Ce sont donc là les propos que j'avais à tenir sur le sujet, en espérant qu'ils permettront de comprendre le sens du débat que nous avons eu depuis deux heures et en espérant que tout le monde se rangera à l'opinion que j'ai essayé de résumer dans les mots que j'ai utilisés.

La Présidente (Mme Juneau): Un instant, s'il vous plaît. L'amendement qui vient d'être proposé par le vice-président de la commission et député d'Outremont, selon l'article 189...

M. Fortier: 189, Mme la Présidente.

La Présidente (Mme Juneau): ...est recevable. Donc, je donne la parole à M. le ministre. Il ne vous reste qu'une seule minute, M. le ministre...

M. Fréchette: Mme la Présidente...

La Présidente (Mme Juneau): ...selon le temps et selon l'ajournement.

M. Fréchette: Je vous dirai, quant à nous, que nous n'avons évidemment pas d'objection à l'amendement qu'a suggéré le député d'Outremont et, deuxièmement, je vous signale que je suis également d'accord avec lui quand il se réfère au règlement pour nous rappeler que nous devons disposer de la motion qui est en discussion. Cependant, le règlement ne nous oblige pas à en disposer en l'adoptant ou en la refusant. Le même règlement nous permettrait sans doute - je ne sais pas si cela nécessiterait le consentement de tous les membres de la commission - de retenir la suggestion que j'ai faite depuis 20 heures et de reporter la décision sur la motion à notre séance de demain après-midi, après la période de questions. C'est une façon aussi, je pense, de disposer de la motion qui est devant nous.

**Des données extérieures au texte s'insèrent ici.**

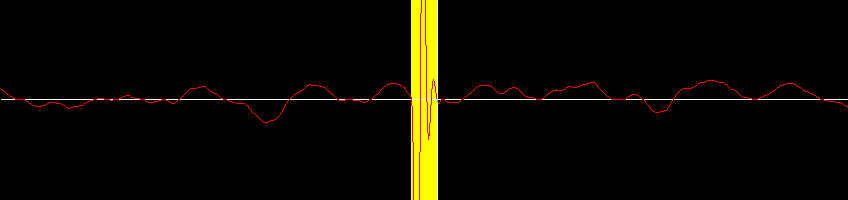 A vinyl waveform including a scratch loaded into digital sound editing software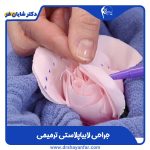 وقتی نتیجه لابیاپلاستی رضایت‌ بخش نیست ؛ جراحی ترمیمی چه کمکی می‌ کند؟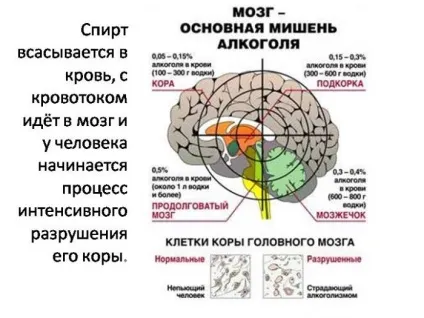 Тремор алкоголіка причини появи і лікування тремору рук (причини) Тремор алкоголіка причини появи і лікування тремору рук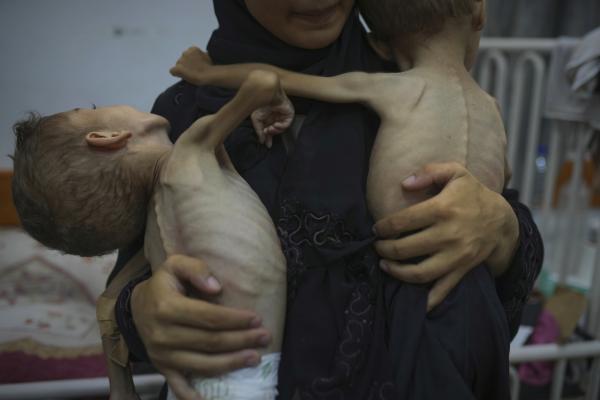 Palestinian mother holds her malnourished sons, 4 and 3 years old, at Friends of the Patient Hospital in Gaza City, July 29, 2025.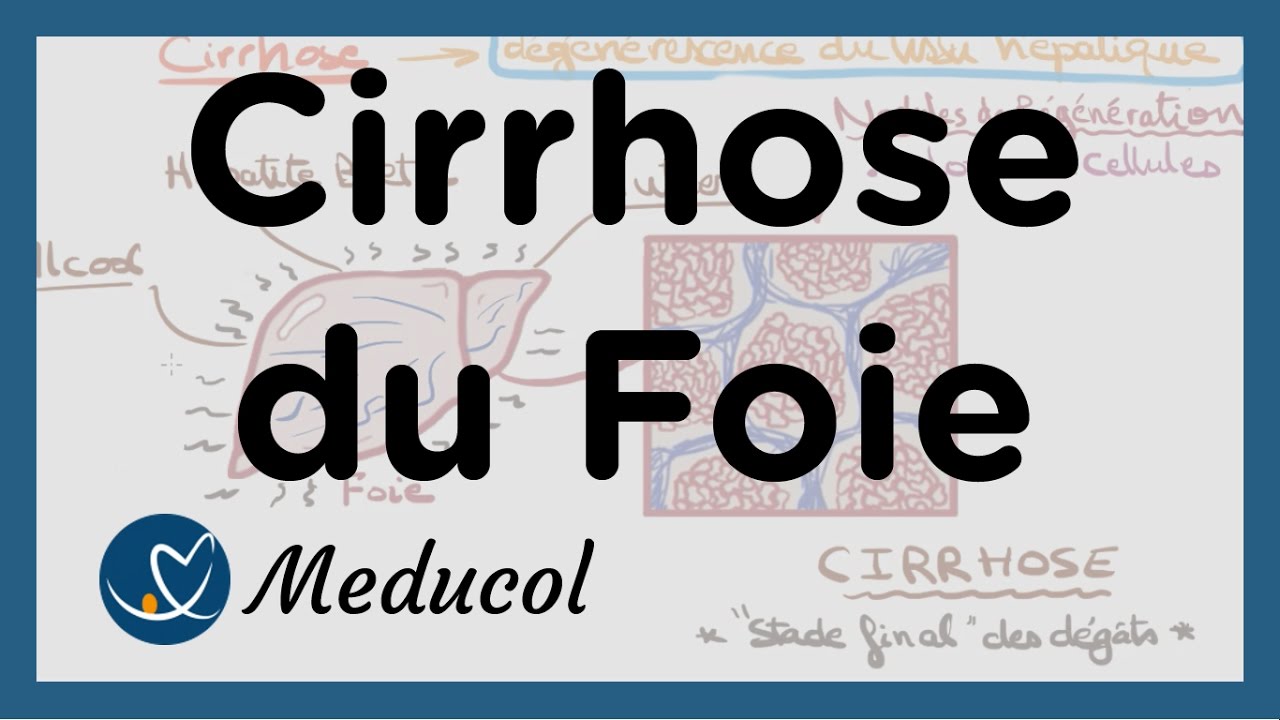 Cirrhose du foie: symptômes et fibrose du foie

La Présidente (Mme Juneau): Étant donné qu'il faut, comme vous l'avez dit, M. le ministre, le consentement des membres de la commission, nous pourrions effectivement, si les membres y consentent, reporter à demain, après les affaires courantes, la décision sur l'amendement et la motion elle-même. Est-ce que...

M. Lavigne: Mme la Présidente.

La Présidente (Mme Juneau): Étant donné qu'il est 22 heures...

M. Lavigne: Est-ce que, Mme la Présidente, on ne pourrait pas accepter... Est-ce que l'amendement du député d'Outremont a été accepté officiellement?

La Présidente (Mme Juneau): II est recevable, oui.

M. Lavigne: II est recevable, mais est-ce qu'on l'adopte?

La Présidente (Mme Juneau): C'est cela.

M. Gagnon: Vingt minutes pour expliquer l'amendement, c'est cela? Et ce n'est pas un "filibuster".

M. Lavigne: Je proposerais, Mme la Présidente, s'il n'y a pas d'objection...

M. Paradis: ...les propos du député de Beauharnois.

M. Lavigne: Je ferais une proposition qui serait d'adopter l'amendement proposé par le député d'Outremont dès maintenant. On est d'accord ou non avec son amendement.

La Présidente (Mme Juneau): Est-ce que tout le monde est consentant à adopter la proposition d'amendement de M. le député d'Outremont?

Des voix: Adopté.

M. Cusano: Mme la Présidente, il est passé 22 heures et je crois qu'il serait...

La Présidente (Mme Juneau): Oui, il est 22 heures effectivement.

Une voix: Je ne sais pas si je suis contre l'amendement du député d'Outremont, mais j'aimerais y penser.

La Présidente (Mme Juneau): Un instant, s'il vous plaît.

M. Fréchette: Un instant, si vous me le permettez. Je ne sais pas si les règles vont encore être écorchées, mais souvenez-vous qu'au début de nos travaux j'avais indiqué que je procéderais au dépôt des amendements, tels que corrigés dans leur dernière édition. Je voudrais solliciter le

consentement des membres de la commission pour procéder à ce dépôt et je remettrais deux copies...

M. Cusano: On va lire cela ce soir, avant de se coucher, Mme la Présidente.

La Présidente (Mme Juneau): Selon l'article 158, il faut que le dépôt soit accepté par le vice-président de la commission.

M. Fortier: Cela me fait plaisir, Mme la Présidente, d'accepter le dépôt des amendements pour me permettre de les étudier.

La Présidente (Mme Juneau): Nous ajournons nos travaux à demain, 10 heures.